Now the Salley family had the meat market and café, the livestock business and the Wholesale Grocery business and Jack and Van his oldest two sons were taken into the business as full partners.  The wholesale grocery business grew rapidly and in 1938 its name was changed to Salley Grocer Company.  Employees were added from the Bernice area and by 1940 the firm had 7 salesman and 17 trucks delivering groceries across Louisiana.  The salesman all had begun work as either a truck driver or on the floor of the warehouse and this process continued throughout the life of the company.

With the growth of the company it expanded into Monroe and Shreveport with a member of the Salley family at the helm.  Truck and trailer hauling led the company into those areas not served by the railroad.  By 1943 the business was considered one of the most outstanding grocery hauling operations in the Deep South.

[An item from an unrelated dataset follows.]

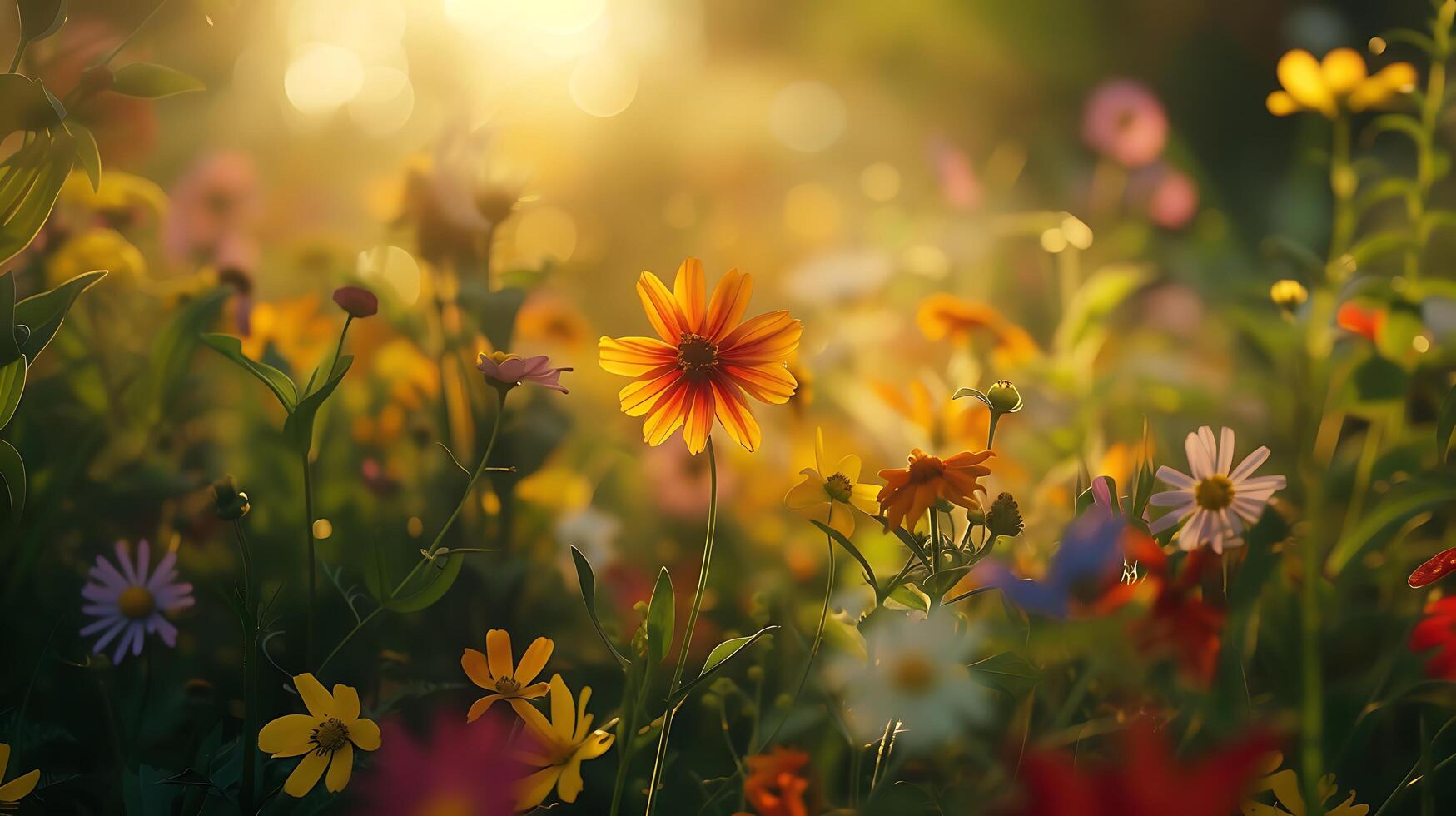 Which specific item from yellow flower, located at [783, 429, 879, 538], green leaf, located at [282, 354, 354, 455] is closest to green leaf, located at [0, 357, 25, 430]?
green leaf, located at [282, 354, 354, 455]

This accomplishment was unusual because of the 300 mile length of the territory with each trailer carrying a maximum of 45,000 pounds.  It was noted that each truck had a greater length of spacing between the tractor and trailer in order to prevent overloads.  In 1948 the Fruehauf Trailer Company built a company truck and trailer especially for the use of Salley Grocer Company. The truck was designed by Van Salley and appeared in advertisements in national magazines with the Salley Grocer sign on the side.    At the top of the ad was written “Here’s Tomorrow’s Dinner, 22 Tons of Food on a Fruehauf Truck-Trailer”. This truck ran a total of 1,200,000 miles before it was retired in 1949.

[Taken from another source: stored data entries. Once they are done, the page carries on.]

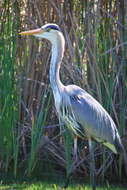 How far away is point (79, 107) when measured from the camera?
225 inches

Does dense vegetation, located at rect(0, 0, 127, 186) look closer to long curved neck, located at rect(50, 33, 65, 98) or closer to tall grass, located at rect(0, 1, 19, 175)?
tall grass, located at rect(0, 1, 19, 175)

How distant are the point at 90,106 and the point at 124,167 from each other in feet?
3.46

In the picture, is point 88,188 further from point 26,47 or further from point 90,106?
point 26,47

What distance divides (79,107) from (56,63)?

The company was a great supporter of the war effort and all employees bought Defense bonds and stamps on every pay day. During the war 55 employees of the firm entered the armed services.

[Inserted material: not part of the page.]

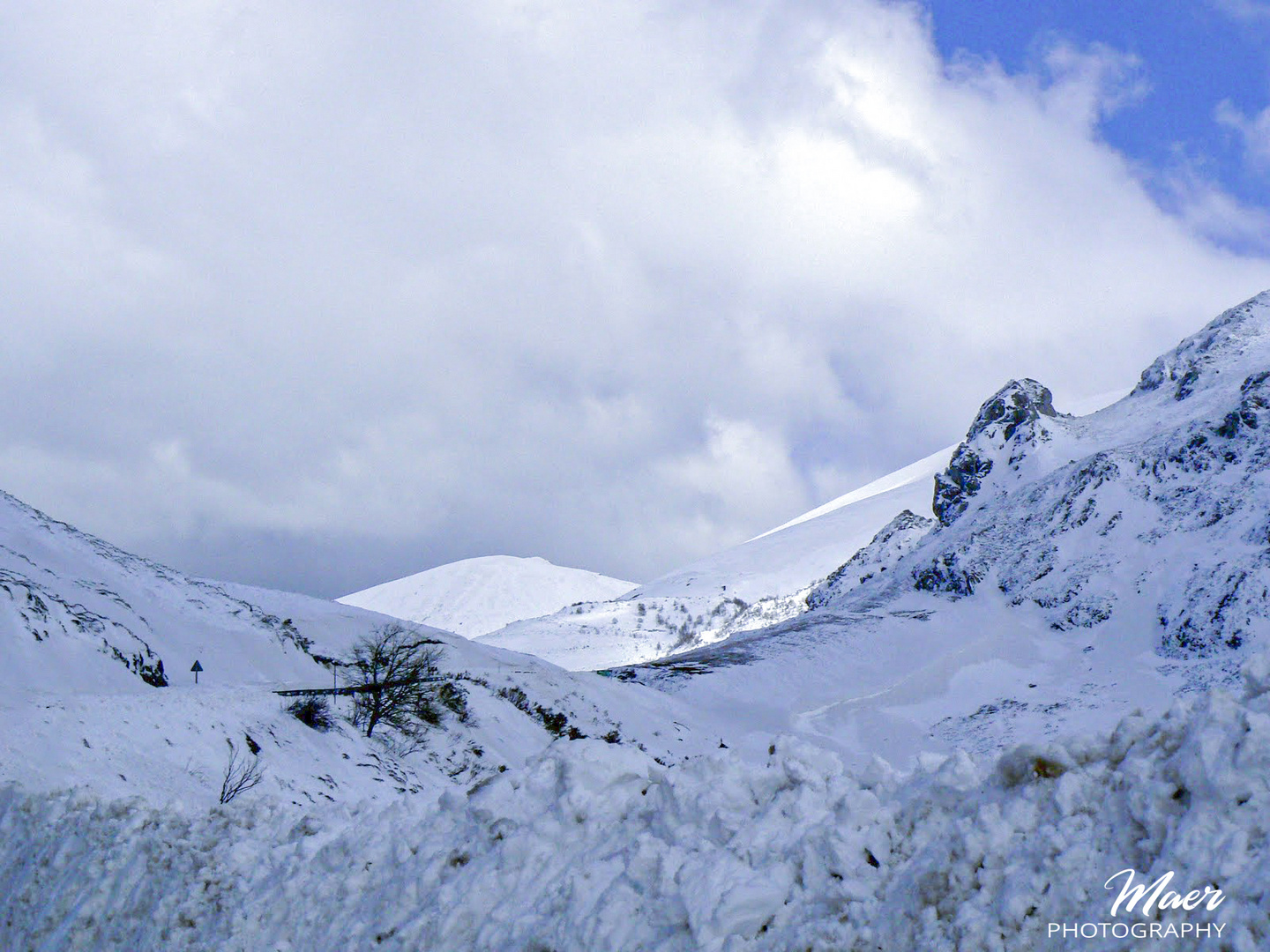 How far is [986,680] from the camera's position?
87375 mm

By the end of 1948 the company ran a fleet of 55 trucks which traveled over 125,000 miles a month in the Ark-La-Tex.  At each of their locations there was a garage with mechanics that cared for the trucks.  Over 25,000 gallons of gasoline were used each month.

Then came 1952 and the opening of the new offices and warehouse in Bernice.  All area newspapers ran pages of the Salley Story filled with ads from those companies which had also profited from their family’s success in the grocery business.

One such ad came from the H.J. Heinz Company which congratulated the company for being its exclusive distributor in Louisiana and for its faith in the community of Bernice.  “From Pittsburg to Bernice, we are proud to be associated with you and wish you continued success.”

At the time of the dedication of the new warehouse and office the company employed 125 people and was the largest taxpayer in Bernice.  An estimated 5000 people poured into Bernice to attend the formal opening.  Numerous civic and business leaders across Louisiana addressed the crowd.  Music was furnished by the “Lighthouse Doughboys” from a flour mill doing business with the company.

A food fair was part of the celebration with 30 manufacturers dispensing refreshments and samples from booths set up in the warehouse.  Pillsbury Mills provided a 500 pound cake with the first piece going to Mrs. C.T. Salley.  The event was broadcast over KRUS radio of Ruston.

C.T. Salley died in Bernice in the summer of 1963 and his obituary listed some of his accomplishments but a tribute to him written by A.T. Mitchell his former pastor best described him:  “He fed the hungry.  The poor man walking the highway would come to his café and he would sit them at a table and tell them to order whatever they liked to eat.  He helped feed and clothe the local poor, the sick and the suffering.  He provided transportation to carry sick people to hospitals and clinics across Louisiana.  He led crusades to build churches, Scout houses, civic buildings and other needed buildings and institutions.  I never knew him to turn down any needy cause.  He truly lived out the phrase, ‘Let me live in a house by the side of the road and be a friend to man’.”